Langkah darurat berikut adalah mencari order pemintalan benang ke berbagai perusahaan tekstil di luar kelompok Texmaco. Hasilnya, "Selama bulan Desember Wastra menggaet order pemintalan benang sebanyak 950 bal," kata Nurhadi Siswanto, Direktur Produksi Pemintalan Wastra. Uang hasil pemintalan itu sebagian besar dipakai melunasi seluruh utang ke Bank Jatim, yang berjangka waktu satu bulan. Sebagian lainnya dipakai menutup biaya operasi karyawan, termasuk gaji.

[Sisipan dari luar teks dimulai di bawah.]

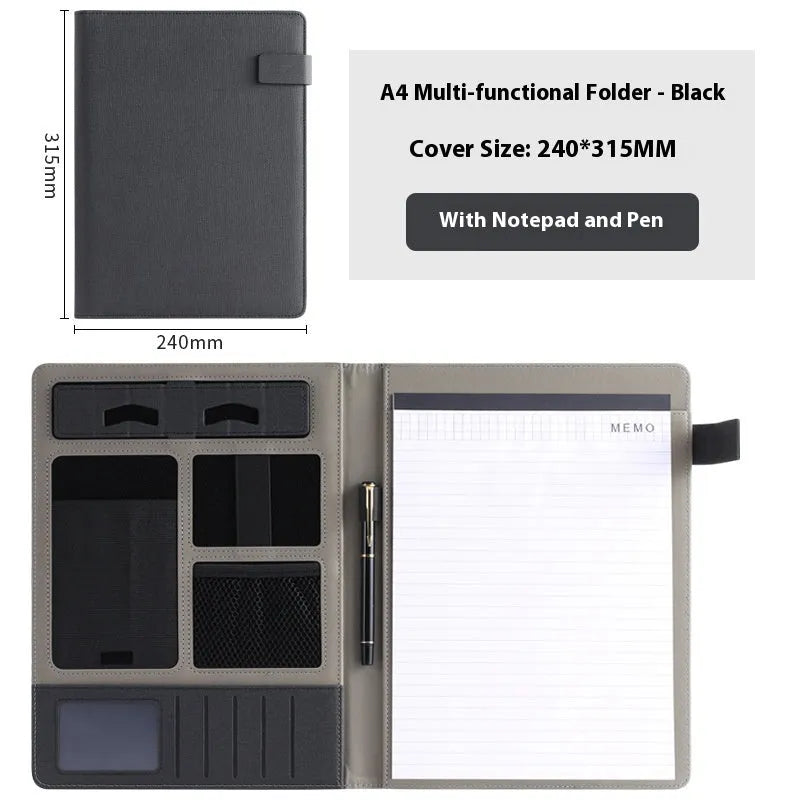 Black leather A4 business folder with a notepad and pen placed on top.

Setelah pinjaman Imam terlunasi, situasi siaga satu di Wastra tak juga berlalu. Nurhadi memperkirakan, modal kerja ideal bagi Wastra sekitar Rp 6 miliar. Rinciannya, Rp 4 miliar untuk membeli bahan baku, sisanya untuk gaji. Dengan dana sebesar itu, Nurhadi optimistis Wastra dapat beroperasi di tingkat produksi yang menguntungkan, yaitu 2.000 bal benang dan 2 juta yard kain.
Pintu sang Wali Kota pun kembali diketuk Suwardi, ketua serikat pekerja Wastra, yang juga dikenal sebagai kader PDIP. Namun, dari jumlah utang yang diminta para karyawan—sekitar Rp 4 miliar—hanya sekitar Rp 1,1 miliar yang mengucur dari Bank Jatim atas jaminan pribadi Imam. Sebagian dana pinjaman itu dipakai melunasi rekening listrik selama Desember, sisanya untuk melunasi gaji karyawan bulan itu.
Muncullah kontroversi: apa perlunya seorang pejabat pemerintah menjadi penjamin utang perusahaan swasta? Imam mengaku, keberaniannya menjamin pinjaman Wastra semata karena pertimbangan kemanusiaan. Imam bahkan me- nyatakan siap jika Pemerintah Kota Batu diminta ikut me-nanamkan saham di anak perusahaan Texmaco yang tercatat memiliki utang lebih dari Rp 800 miliar ke Badan Penyehatan Perbankan Nasional itu.
"Sekarang ini kami tengah mengaudit," Imam menjelaskan. Namun Imam menolak jika harus menomboki perusahaan swasta yang lain. "Ini (kasus Wastra) ibarat kebakaran," ia berkilah. Abdul Madjid, anggota Fraksi PDIP DPRD Kota Batu, merasa tidak ada yang salah dengan tindakan Imam. "Itu hak istimewa Wali Kota," kataya. Hanya, ia menyesalkan Imam yang tidak melakukan audit lebih dulu atas Wastra, sebelum menjamin. "Nanti kalau macet, nama Wali Kota juga yang cemar," tutur Abdul.